TASK TO CARRY OUT ▸ The entries that follow contain images, which should be left out; output everything else exactly.

PROVIDED RECORDS ▸
—————

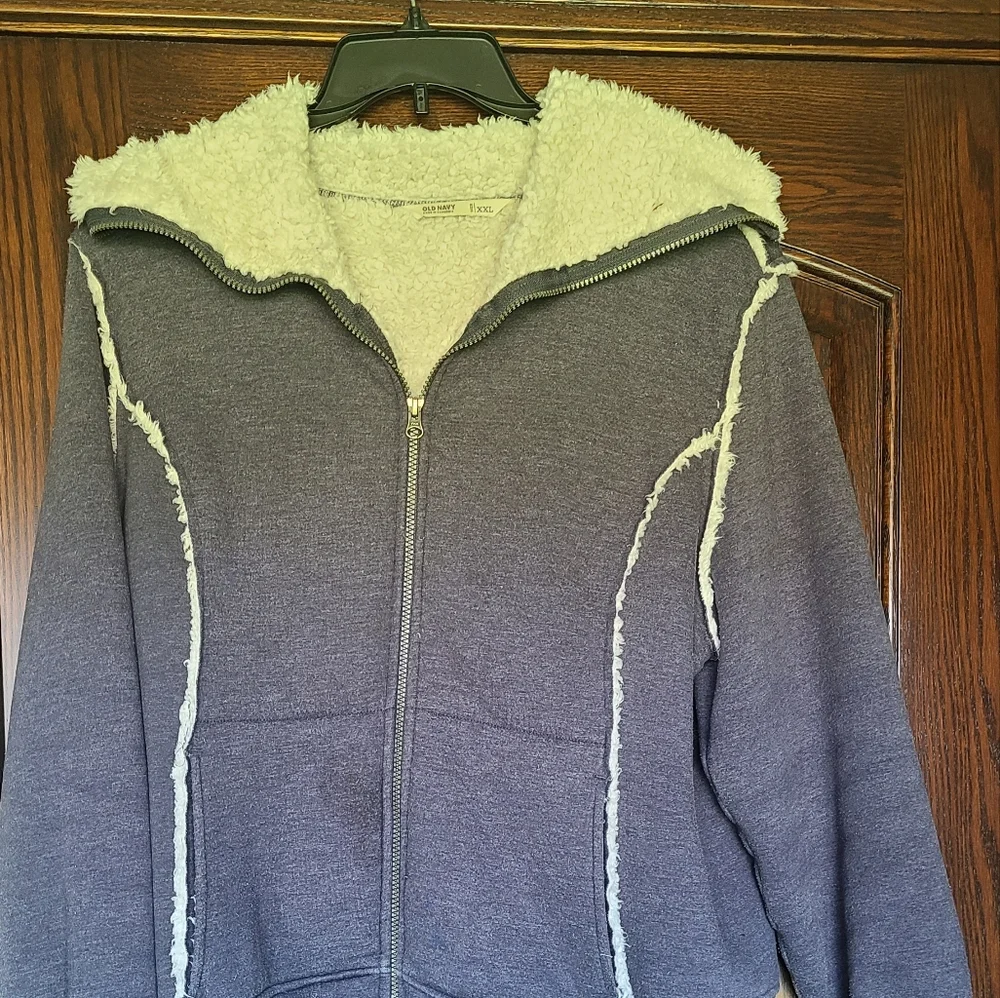 Coat - Picture 1 of 3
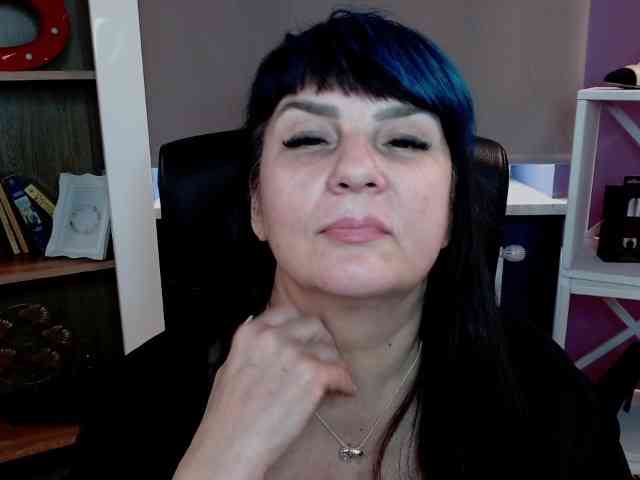 Model: velvetgloria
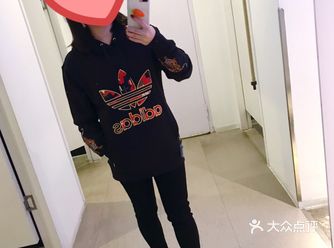 总共有2层，1楼主要是女装，2楼是男装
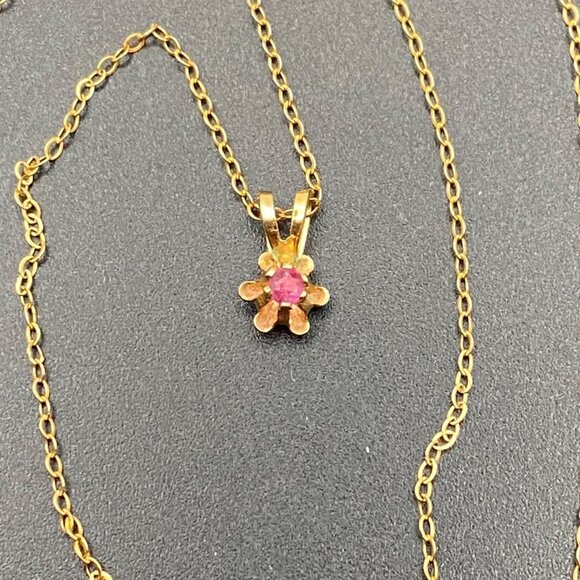 Vintage 14k Gold Filled Ruby Pendant Necklace 15" Stone GLOWS Delicate Layering - Picture 3 of 10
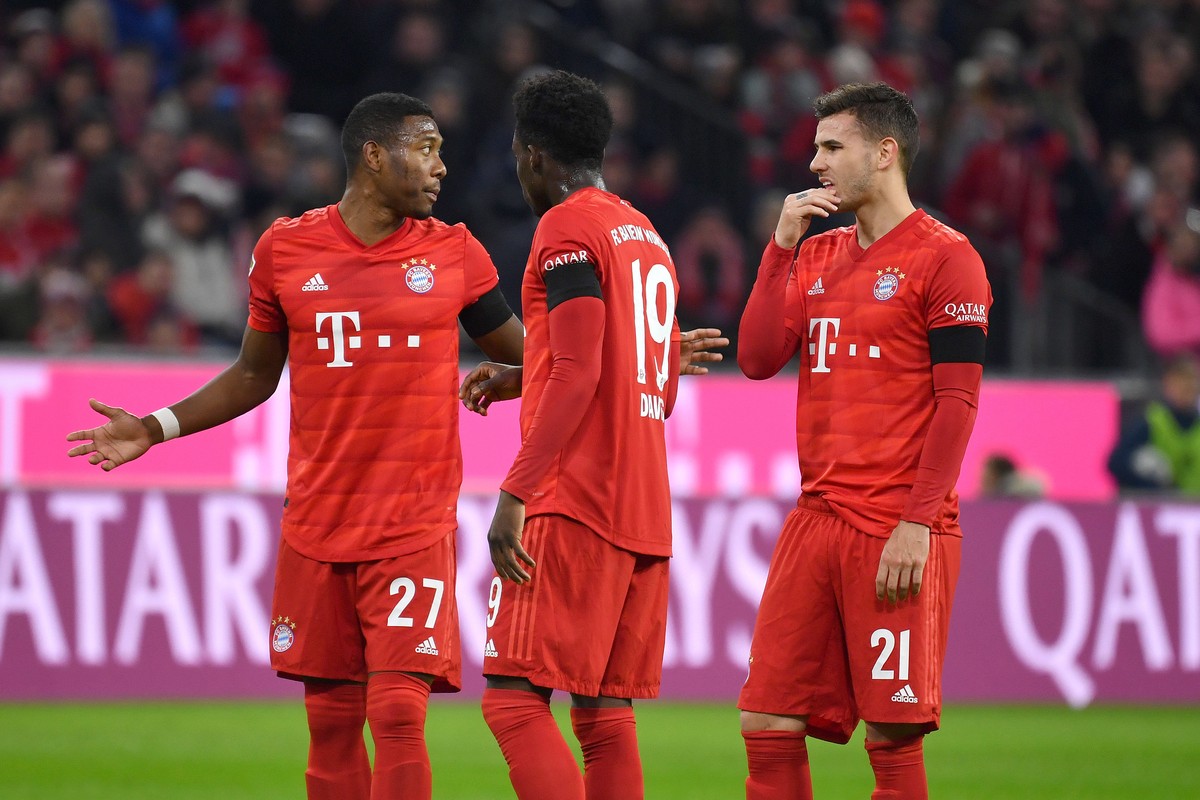 v.li:David ALABA Bayern Muenchen, Alphonso DAVIES Bayern Muenchen, Lucas HERNANDEZ Bayern Muenchen, Aktion. Fussball 1. Bundesliga,23.Spieltag,Spieltag23, FC Bayern Muenchen M - SC Paderborn PB 3-2, a ...
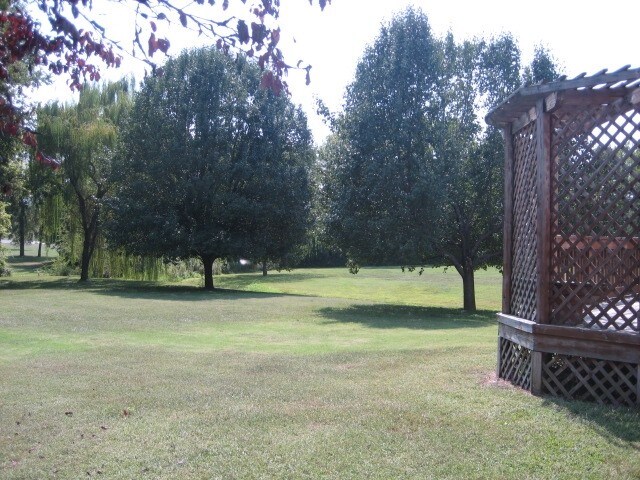 Building Photo - 112 Settlers Way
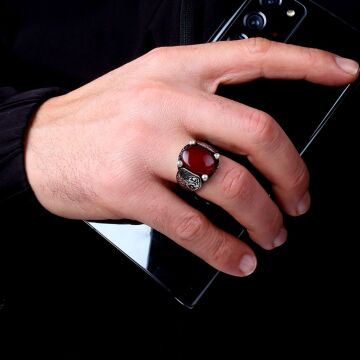 BORDO AKİK TAŞLI KALEM İŞLEME MODEL 925 AYAR GÜMÜŞ ERKEK YÜZÜK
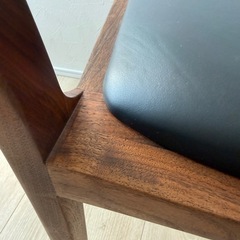 北米産ウォールナット無垢材 レ椅子4脚セットの画像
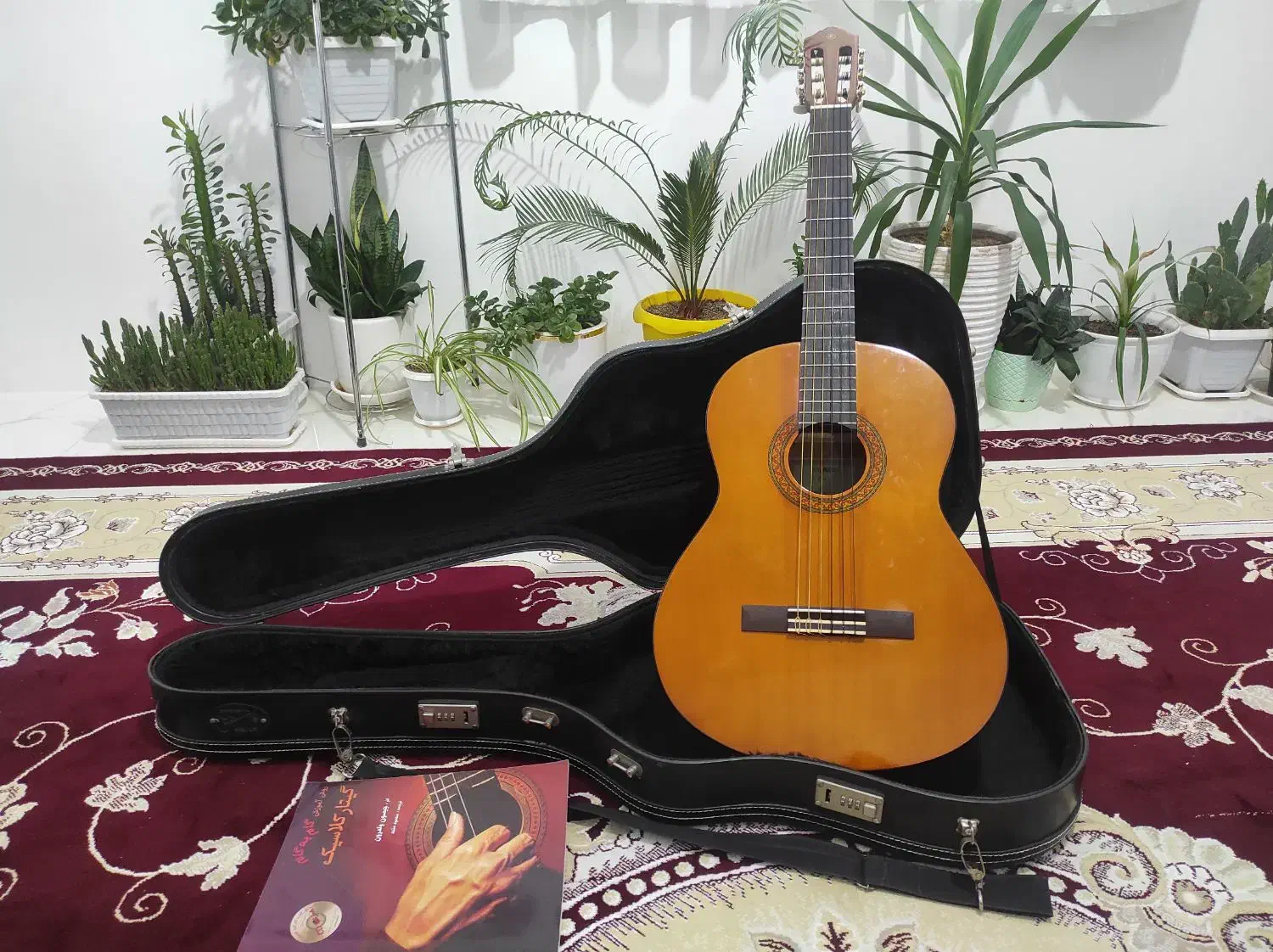 گیتار یاماها c40 با هارد کیس تمام چرم|گیتار، بیس، امپلیفایر|ملایر, |دیوار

—————

ANSWER ▸
 Coat - Picture 1 of 3
 Model: velvetgloria
 总共有2层，1楼主要是女装，2楼是男装
 Vintage 14k Gold Filled Ruby Pendant Necklace 15" Stone GLOWS Delicate Layering - Picture 3 of 10
 v.li:David ALABA Bayern Muenchen, Alphonso DAVIES Bayern Muenchen, Lucas HERNANDEZ Bayern Muenchen, Aktion. Fussball 1. Bundesliga,23.Spieltag,Spieltag23, FC Bayern Muenchen M - SC Paderborn PB 3-2, a ...
 Building Photo - 112 Settlers Way
 BORDO AKİK TAŞLI KALEM İŞLEME MODEL 925 AYAR GÜMÜŞ ERKEK YÜZÜK
 北米産ウォールナット無垢材 レ椅子4脚セットの画像
 گیتار یاماها c40 با هارد کیس تمام چرم|گیتار، بیس، امپلیفایر|ملایر, |دیوار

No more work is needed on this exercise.